US warns of Russia sanctions over Ukraine, despite prisoner swap
ZHOLOBOK, Ukraine – The United States warned Saturday it could level “serious sanctions” on Russia within days over breaches of Ukraine’s truce, which is in tatters despite pro-Moscow rebels and government forces exchanging scores of prisoners.
AFP journalists in Ukraine’s eastern frontline town of Zholobok saw 139 Ukrainian soldiers traded for 52 separatist fighters late Saturday, in rare compliance of the otherwise much-violated truce which came into effect a week ago.
Some of the released soldiers were wounded. A few had to walk on crutches through a landscape scarred and cratered by months of fighting.
The insurgents said the prisoners included some troops seized this week when they overran the strategic town of Debaltseve, located between Lugansk and the other rebel stronghold of Donetsk.
That bloody offensive — which killed 179 soldiers over the past month, according to one Ukrainian presidential aide — was the most egregious breach of the UN-backed ceasefire. Some 2,500 Ukrainian troops had to flee Debaltseve under heavy rebel fire, and at least 112 were taken prisoner.
The Debaltseve assault and more than 250 ceasefire violations attributed to pro-Moscow fighters prompted a furious reaction from the United States, which blames Russia for the 10-month conflict.
“If this failure continues, make no mistake, there will be further consequences including consequences that will place added strains on Russia’s already troubled economy,” US Secretary of State John Kerry stormed during a press conference in London.
He believed President Barack Obama will “in the next few days” decide on “additional steps (which) will be taken in response to the breach of this ceasefire.” He foresaw “serious sanctions” being imposed.
‘No illusions’ over truce
Germany and France, which brokered the Ukraine truce, admit they “don’t have any illusions” about the difficulty in getting the agreement to take hold, but say it is the only hope of calming the conflict enough to find a lasting solution.
The UN estimates 5,700 people have died in the 10 months of war.
Under the truce, both sides are meant to observe a ceasefire, withdraw heavy weapons from the frontline by March 3 and carry out a prisoner exchange.
If those steps are met, they are then to conduct negotiations on greater autonomy in rebel-held areas, and eventually restore Ukraine’s control over all of its border with Russia.
But Kiev and the rebels continue to trade accusations of shelling, mortar rounds and rocket strikes targeting their positions.
Ukrainian defense officials allege Russia has deployed 20 tanks towards the port city of Mariupol and said a dozen enemy reconnaissance drones have been shot down.
The rebels claim to have already pulled back weapons in some areas, but there was no confirmation from the Organization for Security and Cooperation in Europe (OSCE), which is monitoring the truce.
OSCE observers have been barred from entering Debaltseve to assess the situation, but the rebels promised they would finally be allowed in on Sunday.
Russia already under sanctions
Moscow is already laboring under several rounds of US and EU sanctions over the crisis.
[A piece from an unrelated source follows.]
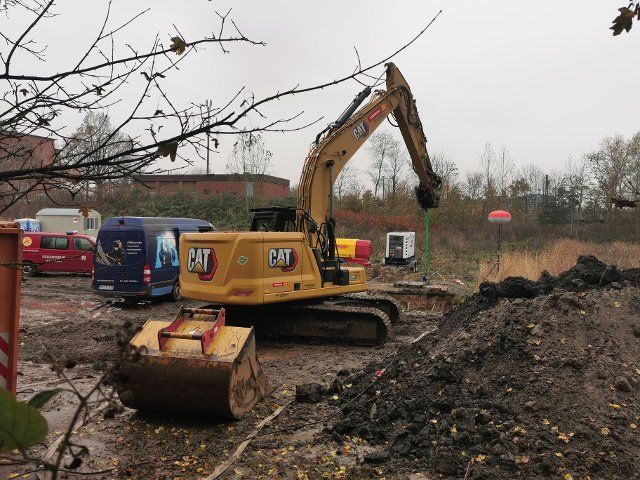 29 November 2022, Hamburg: An excavator stands by a pit. (to dpa: "Aerial bomb found in Hamburg-Wilhelmsburg". Photo: Steven Hutchings\/TNN\/dpa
But while they have accelerated Russia’s slide towards recession, they have thus far failed to change President Vladimir Putin’s stance.
In one sign of the effects on Russia’s economy, rating agency Moody’s cut Moscow’s debt note by one notch into “junk” territory, just a month after its last downgrade.
Meanwhile, Ukraine’s former pro-Kremlin president Viktor Yanukovych, whose ouster early last year led to the insurgency raging in east Ukraine, said in a Russian TV interview excerpt released Saturday: “I’ll be back.”
The ex-leader has little support left in his home country, however, after it was discovered following his escape to Russia that he had been living lavishly, in a sumptuous palace with a private zoo, a replica pirate ship and pure gold fittings, while the country sank further into debt.